## THE PROBLEM
Write out each line of the entries exactly, starting at the first and finishing with the line that contains "Speisekarte aus Holz".

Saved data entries
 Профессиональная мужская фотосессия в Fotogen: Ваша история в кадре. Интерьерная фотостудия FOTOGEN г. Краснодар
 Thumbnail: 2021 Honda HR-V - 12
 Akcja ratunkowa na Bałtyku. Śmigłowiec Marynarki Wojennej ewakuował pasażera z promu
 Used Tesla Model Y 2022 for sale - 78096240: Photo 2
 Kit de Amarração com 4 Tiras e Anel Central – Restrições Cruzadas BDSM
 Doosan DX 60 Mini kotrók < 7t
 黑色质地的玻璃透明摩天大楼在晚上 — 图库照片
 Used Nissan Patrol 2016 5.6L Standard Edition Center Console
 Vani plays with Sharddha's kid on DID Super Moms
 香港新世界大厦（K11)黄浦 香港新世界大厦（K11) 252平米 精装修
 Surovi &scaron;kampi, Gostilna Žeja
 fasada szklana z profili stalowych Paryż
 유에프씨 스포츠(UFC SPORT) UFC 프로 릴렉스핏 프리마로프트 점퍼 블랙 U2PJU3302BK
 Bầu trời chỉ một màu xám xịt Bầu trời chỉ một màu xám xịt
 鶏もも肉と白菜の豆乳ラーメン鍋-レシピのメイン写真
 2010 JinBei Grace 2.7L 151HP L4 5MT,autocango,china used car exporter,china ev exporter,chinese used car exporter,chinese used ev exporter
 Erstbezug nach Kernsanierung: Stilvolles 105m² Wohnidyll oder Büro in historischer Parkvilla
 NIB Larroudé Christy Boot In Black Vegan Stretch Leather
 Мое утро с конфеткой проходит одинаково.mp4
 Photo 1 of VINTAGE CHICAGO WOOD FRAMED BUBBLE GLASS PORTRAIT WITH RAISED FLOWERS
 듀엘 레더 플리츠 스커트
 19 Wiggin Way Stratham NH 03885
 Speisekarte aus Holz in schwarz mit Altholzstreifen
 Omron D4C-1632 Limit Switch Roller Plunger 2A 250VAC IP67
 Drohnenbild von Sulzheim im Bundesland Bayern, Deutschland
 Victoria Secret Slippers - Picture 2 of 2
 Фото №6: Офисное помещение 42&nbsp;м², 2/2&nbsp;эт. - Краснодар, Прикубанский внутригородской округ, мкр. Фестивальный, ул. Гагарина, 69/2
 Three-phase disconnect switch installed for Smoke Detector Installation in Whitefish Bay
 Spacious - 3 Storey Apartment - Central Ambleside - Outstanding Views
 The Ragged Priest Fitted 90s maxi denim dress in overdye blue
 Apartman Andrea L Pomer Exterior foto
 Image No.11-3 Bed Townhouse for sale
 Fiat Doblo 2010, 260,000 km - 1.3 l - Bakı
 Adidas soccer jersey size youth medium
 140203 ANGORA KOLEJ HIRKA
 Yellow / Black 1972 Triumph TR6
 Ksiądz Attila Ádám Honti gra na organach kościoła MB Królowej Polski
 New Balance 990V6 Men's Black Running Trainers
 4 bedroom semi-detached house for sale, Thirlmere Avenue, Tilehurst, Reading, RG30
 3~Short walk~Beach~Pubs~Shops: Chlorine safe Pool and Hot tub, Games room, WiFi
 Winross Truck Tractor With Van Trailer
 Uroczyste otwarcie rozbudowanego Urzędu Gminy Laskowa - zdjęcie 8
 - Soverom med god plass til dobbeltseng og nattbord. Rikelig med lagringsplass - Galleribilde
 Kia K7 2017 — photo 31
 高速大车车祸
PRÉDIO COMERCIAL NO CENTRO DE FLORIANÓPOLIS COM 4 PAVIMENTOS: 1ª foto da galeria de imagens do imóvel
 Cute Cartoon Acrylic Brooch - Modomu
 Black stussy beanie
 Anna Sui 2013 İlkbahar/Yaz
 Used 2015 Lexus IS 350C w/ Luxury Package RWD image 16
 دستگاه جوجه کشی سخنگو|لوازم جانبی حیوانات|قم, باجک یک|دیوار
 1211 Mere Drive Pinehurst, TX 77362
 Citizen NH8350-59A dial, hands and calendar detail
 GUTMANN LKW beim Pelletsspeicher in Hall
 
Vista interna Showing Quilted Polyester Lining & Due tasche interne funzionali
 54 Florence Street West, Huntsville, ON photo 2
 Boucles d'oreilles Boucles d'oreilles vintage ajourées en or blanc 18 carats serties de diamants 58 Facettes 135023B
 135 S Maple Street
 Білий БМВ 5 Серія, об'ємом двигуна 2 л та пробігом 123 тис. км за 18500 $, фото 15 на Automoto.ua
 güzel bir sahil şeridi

## WRITTEN REPLY
 Профессиональная мужская фотосессия в Fotogen: Ваша история в кадре. Интерьерная фотостудия FOTOGEN г. Краснодар
 Thumbnail: 2021 Honda HR-V - 12
 Akcja ratunkowa na Bałtyku. Śmigłowiec Marynarki Wojennej ewakuował pasażera z promu
 Used Tesla Model Y 2022 for sale - 78096240: Photo 2
 Kit de Amarração com 4 Tiras e Anel Central – Restrições Cruzadas BDSM
 Doosan DX 60 Mini kotrók < 7t
 黑色质地的玻璃透明摩天大楼在晚上 — 图库照片
 Used Nissan Patrol 2016 5.6L Standard Edition Center Console
 Vani plays with Sharddha's kid on DID Super Moms
 香港新世界大厦（K11)黄浦 香港新世界大厦（K11) 252平米 精装修
 Surovi &scaron;kampi, Gostilna Žeja
 fasada szklana z profili stalowych Paryż
 유에프씨 스포츠(UFC SPORT) UFC 프로 릴렉스핏 프리마로프트 점퍼 블랙 U2PJU3302BK
 Bầu trời chỉ một màu xám xịt Bầu trời chỉ một màu xám xịt
 鶏もも肉と白菜の豆乳ラーメン鍋-レシピのメイン写真
 2010 JinBei Grace 2.7L 151HP L4 5MT,autocango,china used car exporter,china ev exporter,chinese used car exporter,chinese used ev exporter
 Erstbezug nach Kernsanierung: Stilvolles 105m² Wohnidyll oder Büro in historischer Parkvilla
 NIB Larroudé Christy Boot In Black Vegan Stretch Leather
 Мое утро с конфеткой проходит одинаково.mp4
 Photo 1 of VINTAGE CHICAGO WOOD FRAMED BUBBLE GLASS PORTRAIT WITH RAISED FLOWERS
 듀엘 레더 플리츠 스커트
 19 Wiggin Way Stratham NH 03885
 Speisekarte aus Holz in schwarz mit Altholzstreifen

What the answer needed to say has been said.